Home > Technology > Scientist wants to make ‘bulletproof people’ using spider silk

Scientist wants to make ‘bulletproof people’ using spider silk

August 17, 2011


Scientist wants to make 'bulletproof people' using spider silk

Here’s a story straight out of science fiction: the Netherlands’ Jalila Essaidi is exploring ways to develop bulletproof skin for humans, and is turning to the milk from genetically modified “spider goats” to do it. Yep!

The project is called “2.6g 329m/s,” as 2.6 grams and 326 meters a second are “the maximum weight and velocity of a .22 calibre Long Rifle bullet from which a Type 1 bulletproof vest should protect you,” according to Essaidi. Essaidi isn’t looking to create a better bulletproof vest, however. Her prototype, pictured above, is a wafer formed by sandwiching a spider silk matrix between two layers of human tissue.

So, where do those genetically modified goats come in? Well, spider silk isn’t the easiest substance to harvest, but it has a ton of uses: creating better artificial bits for the human body and improving air bags, for instance. Spiders make it pretty hard to collect it in large quantities.
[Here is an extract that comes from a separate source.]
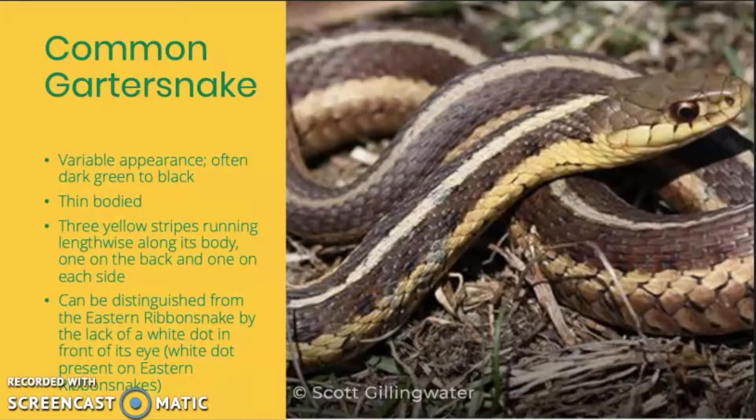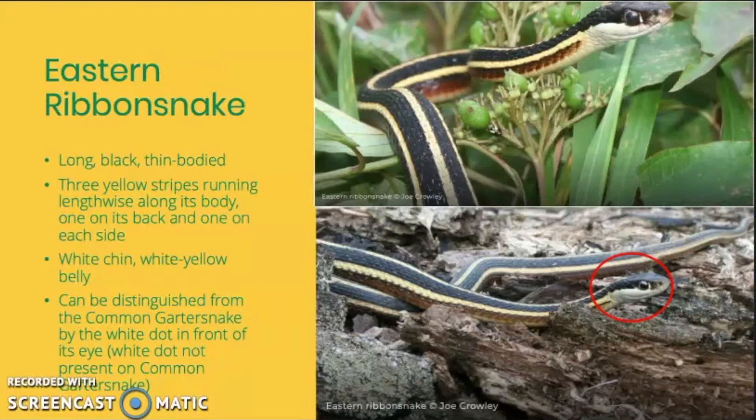The common garter snake can sometimes be confused with the eastern ribbon snake, which we're going to talk about next. The eastern ribbon snake is a relatively long snake ranging from about 46 to 86 centimeters. They look very similar to the common garter snake — black thin bodies with three yellow stripes running lengthwise along the body, one on the back and one on each side. They also have white chins and a white-yellow belly. The best way to tell them apart is by their heads: eastern ribbon snakes will have a white dot in front of their eyes. Garter snakes don't have this dot, so if it has a white dot, you're looking at an eastern ribbon snake, and if it doesn't, you have a common garter snake.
Even if you can get a bunch of the silk-spinning arachnids together, they’re pretty picky about who they share a space with and quite often just slaughter one another.

To get around that, last year a team at the University of Wyoming experimented with introducing the “spiders’ dragline silk gene into goats in such a way that the goats would only make the protein in their milk.” Researchers can then extract the protein from the milk and — voilà! — they have useable spider silk, and in larger quantities than from a few temperamental creepy crawlies.

Essaidi’s bulletproof human project is still very much in the conceptual phases, and her prototype isn’t completely stopping bullets all the time, but it’s definitely an alluring thought. Essaidi’s plans are ultimately much more grand, too — she’d like to replace the keratin in our skin with spider silk, so that our bodies (and not some outer layer we’re wearing) could stop a speeding bullet.